Distinguished Member
Yep, what he just said. If your fronts are anything like well-positioned then you're better off with no center speaker than a badly-placed one.

Lechacal's point is perfectly valid and far more common than you might think. It is sometimes referred to as Phantom Center.

In essence, you tell your amp that you have a 4.1 system instead of a 5.1, and that implies that the center speaker is gone. The Center channel is then routed to the front speakers.

This works best if the front speakers are somewhat close to the TV, and evenly spaced on each side of the TV. The distance from the TV, I think, is less critical than the fact that the speakers are evenly space on the left and right.

How well this works depends on the quality of your front speaker. It will always work, but it works better with better fronts.

Just a few thoughts.

Steve/bluewizard
 

gingerbiscuit69

Standard Member
An interested read from some papers i have in regards to surround setups in the studio enviroments. Much more accurate and informative than a lot of the audiophile rumours which spread about. I figure simulating the circumstances the sound was mastered in to get the most accurate representation of a movie or audiotrack!! Ta, Pat

Centre speakers in music mixes said:

In video applications, with left, center and right channels all set to deliver equal output, the ear tends to hear dialog as coming only from the center channel. It’s a psychoacoustic effect because all right and all left channel signals are fed to the center.

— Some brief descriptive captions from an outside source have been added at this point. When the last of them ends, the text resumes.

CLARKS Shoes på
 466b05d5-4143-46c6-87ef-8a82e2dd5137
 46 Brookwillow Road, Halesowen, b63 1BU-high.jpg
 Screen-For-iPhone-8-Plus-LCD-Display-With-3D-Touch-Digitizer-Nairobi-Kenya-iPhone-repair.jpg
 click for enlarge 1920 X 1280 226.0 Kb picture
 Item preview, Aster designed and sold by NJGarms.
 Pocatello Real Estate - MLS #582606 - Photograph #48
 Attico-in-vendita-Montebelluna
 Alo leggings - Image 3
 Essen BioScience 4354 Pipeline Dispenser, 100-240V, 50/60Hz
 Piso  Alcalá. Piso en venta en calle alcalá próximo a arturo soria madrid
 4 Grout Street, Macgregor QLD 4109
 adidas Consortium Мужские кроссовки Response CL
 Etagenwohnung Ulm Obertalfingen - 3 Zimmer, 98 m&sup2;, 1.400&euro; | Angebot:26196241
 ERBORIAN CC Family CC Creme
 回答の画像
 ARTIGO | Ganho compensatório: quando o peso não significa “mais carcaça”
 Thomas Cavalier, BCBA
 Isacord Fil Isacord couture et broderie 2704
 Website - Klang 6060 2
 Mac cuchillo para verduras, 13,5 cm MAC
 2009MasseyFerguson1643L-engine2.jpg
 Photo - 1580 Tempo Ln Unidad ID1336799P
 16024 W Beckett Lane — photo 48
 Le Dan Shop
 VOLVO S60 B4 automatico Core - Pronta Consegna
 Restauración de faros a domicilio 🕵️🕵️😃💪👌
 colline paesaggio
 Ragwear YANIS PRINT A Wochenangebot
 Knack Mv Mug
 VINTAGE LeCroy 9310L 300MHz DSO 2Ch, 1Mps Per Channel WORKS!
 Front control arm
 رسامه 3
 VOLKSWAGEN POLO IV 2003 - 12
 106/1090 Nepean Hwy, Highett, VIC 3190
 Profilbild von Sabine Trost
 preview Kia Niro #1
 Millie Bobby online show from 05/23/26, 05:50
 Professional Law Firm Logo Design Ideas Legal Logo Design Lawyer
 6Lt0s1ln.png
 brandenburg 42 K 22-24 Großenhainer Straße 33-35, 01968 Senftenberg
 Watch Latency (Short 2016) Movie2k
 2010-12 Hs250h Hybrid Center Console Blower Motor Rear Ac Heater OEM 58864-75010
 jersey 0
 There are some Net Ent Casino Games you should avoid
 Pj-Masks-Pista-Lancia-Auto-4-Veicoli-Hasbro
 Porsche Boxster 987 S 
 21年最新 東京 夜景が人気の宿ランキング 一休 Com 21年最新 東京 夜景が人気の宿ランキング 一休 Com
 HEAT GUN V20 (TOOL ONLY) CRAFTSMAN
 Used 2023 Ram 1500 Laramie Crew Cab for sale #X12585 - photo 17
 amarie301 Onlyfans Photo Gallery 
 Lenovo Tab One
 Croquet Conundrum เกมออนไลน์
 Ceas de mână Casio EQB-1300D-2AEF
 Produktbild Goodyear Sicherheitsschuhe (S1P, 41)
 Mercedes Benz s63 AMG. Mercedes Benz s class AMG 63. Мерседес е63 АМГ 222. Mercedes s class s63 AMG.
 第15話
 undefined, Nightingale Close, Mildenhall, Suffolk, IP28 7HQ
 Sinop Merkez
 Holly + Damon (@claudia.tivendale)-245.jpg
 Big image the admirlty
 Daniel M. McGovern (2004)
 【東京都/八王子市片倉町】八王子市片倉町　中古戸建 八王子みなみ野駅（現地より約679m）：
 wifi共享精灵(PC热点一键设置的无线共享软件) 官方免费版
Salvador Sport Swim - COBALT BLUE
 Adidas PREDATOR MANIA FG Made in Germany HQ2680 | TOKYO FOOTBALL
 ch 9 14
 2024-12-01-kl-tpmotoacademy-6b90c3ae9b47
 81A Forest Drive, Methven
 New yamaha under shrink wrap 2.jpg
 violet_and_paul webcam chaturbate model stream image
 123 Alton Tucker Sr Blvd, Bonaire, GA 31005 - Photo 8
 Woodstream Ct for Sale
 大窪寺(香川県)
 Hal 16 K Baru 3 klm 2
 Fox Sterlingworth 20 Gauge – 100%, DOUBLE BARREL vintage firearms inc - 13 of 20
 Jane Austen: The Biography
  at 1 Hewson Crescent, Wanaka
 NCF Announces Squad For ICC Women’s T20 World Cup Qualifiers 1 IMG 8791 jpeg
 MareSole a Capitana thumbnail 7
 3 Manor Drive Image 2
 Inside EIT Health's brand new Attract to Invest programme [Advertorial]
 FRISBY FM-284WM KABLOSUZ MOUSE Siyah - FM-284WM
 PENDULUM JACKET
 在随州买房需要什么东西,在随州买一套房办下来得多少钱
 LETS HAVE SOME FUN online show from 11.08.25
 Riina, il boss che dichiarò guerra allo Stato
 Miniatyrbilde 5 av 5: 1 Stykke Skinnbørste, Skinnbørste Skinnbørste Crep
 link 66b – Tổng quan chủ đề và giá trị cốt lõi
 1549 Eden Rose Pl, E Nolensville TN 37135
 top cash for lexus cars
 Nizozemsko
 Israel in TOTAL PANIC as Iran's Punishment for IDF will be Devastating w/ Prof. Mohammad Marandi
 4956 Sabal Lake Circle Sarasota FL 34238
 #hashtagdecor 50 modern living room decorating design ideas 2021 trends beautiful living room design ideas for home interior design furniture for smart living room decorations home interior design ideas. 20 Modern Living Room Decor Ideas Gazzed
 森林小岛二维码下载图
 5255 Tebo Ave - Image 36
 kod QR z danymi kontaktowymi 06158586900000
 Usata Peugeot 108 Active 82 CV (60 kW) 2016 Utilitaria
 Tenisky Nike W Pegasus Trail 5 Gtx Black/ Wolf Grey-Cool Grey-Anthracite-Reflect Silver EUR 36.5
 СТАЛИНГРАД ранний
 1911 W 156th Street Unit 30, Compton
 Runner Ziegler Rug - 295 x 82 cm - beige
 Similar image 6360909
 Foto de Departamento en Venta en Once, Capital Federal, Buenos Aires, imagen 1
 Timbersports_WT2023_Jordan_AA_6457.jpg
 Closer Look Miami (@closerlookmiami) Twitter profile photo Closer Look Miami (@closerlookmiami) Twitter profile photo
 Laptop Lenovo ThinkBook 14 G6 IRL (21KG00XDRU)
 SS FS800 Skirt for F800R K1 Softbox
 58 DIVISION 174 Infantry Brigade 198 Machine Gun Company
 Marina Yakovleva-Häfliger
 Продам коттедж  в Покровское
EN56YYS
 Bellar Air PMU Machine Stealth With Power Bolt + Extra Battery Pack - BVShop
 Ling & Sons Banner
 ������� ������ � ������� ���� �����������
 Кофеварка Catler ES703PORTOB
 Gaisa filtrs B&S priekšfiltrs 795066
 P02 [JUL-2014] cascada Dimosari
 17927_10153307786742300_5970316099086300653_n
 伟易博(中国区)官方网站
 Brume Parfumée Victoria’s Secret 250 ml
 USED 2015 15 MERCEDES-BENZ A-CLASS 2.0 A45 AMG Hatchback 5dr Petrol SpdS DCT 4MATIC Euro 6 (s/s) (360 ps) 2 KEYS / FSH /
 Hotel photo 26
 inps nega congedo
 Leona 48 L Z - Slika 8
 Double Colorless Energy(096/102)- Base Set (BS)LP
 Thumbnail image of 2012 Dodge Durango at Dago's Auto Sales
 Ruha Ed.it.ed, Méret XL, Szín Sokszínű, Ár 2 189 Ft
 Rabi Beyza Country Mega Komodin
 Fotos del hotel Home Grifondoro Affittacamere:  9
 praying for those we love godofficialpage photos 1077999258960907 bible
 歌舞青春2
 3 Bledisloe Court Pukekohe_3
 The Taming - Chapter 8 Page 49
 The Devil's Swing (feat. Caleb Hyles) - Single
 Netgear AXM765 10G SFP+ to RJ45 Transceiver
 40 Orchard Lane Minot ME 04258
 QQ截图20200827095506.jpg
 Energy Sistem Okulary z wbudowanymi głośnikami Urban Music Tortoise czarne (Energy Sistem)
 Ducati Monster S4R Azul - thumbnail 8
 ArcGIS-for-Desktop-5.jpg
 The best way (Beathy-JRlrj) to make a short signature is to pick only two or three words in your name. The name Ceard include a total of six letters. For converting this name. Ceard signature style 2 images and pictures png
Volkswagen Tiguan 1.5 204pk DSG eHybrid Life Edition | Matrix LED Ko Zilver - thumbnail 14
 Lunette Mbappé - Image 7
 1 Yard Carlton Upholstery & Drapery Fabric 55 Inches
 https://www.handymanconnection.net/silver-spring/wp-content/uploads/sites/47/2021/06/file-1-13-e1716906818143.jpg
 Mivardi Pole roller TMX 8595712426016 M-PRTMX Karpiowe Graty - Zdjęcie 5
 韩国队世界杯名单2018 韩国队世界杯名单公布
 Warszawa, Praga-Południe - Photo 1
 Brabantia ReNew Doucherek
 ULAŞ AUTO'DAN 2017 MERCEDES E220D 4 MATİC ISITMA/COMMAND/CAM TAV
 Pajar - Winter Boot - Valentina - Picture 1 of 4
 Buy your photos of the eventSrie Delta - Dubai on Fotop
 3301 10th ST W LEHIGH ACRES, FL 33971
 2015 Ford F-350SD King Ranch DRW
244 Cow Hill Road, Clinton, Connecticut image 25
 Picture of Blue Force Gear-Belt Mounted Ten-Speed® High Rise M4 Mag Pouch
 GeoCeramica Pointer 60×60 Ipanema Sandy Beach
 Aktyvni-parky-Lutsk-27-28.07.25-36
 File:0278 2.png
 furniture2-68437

In Dolby Pro Logic, the center channel information is derived from sum and difference information encoded in the left and right channels. The very attributes that make this matrix-type system viable for video application make it less desirable for music-only reproduction. In practice, there is a hard center dialog channel but there is also a sort of phantom mono channel developed between the left and center channel and the right and center channel. This between-channel phantom mono image exists because so much of the information contained in each channel (left and center or right and center) is identical. Hence, mono. In the few music-only recordings encoded in Dolby Pro Logic, the derived center channel could lead to some drastic changes in spatial perception.

We discovered two, already available solutions to the large “wall-of-mono” effect produced by Dolby Pro Logic when playing audio-only material. The first is easy. Most home audio Dolby Pro Logic receivers will let you take the center channel out completely by putting the receiver in the “phantom” (no center channel) mode. It preserves the classic stereo effect of the front channels while adding rear surround. This method works well with most stereo-only recordings which have no surround encoding. But it’s much better if the rear channels have true matrix (mono) surround (like applause) encoded in the mix.

The second method of using Dolby Pro Logic gets the center channel back into the mix. Most of these same home audio receivers have an audio-only surround mode which significantly attenuates the output of the center channel in relation to the left and right. The audible benefit here is that the mix sounds like a stereo only recording but the center image like a vocalist becomes a center. There is no image wander, as the frequencies changefor instance. And the classic listening “sweet spot” expands dramatically, allowing for accurate soundstage and instrument placement when listening far off-axis.


 

gingerbiscuit69

Standard Member
front speaker positioning:

The front L/C/R speaker drivers (excluding subwoofer) should be at ear level of listioning position throughout if possible, but most importantly tweeters. If the cabinet must be laid on its side, have the top end (tweeters) on the inner side and the mid/low drivers on the outer side in relation to the video source. ALL FRONT SPEAKER TO LISTENER DISTANCES MUST BE THE SAME, in order to retain time alignment.
frontplacement.jpg



Surround Placement:

to minimise room mode reflection, place the speaker so that the 'middle' distance between tweeter and mid cone is 80% from the floor, with the tweeter ON THE BOTTOM! (see pic). Note the arcing of the front speakers, maintaining the time alignment of the front image.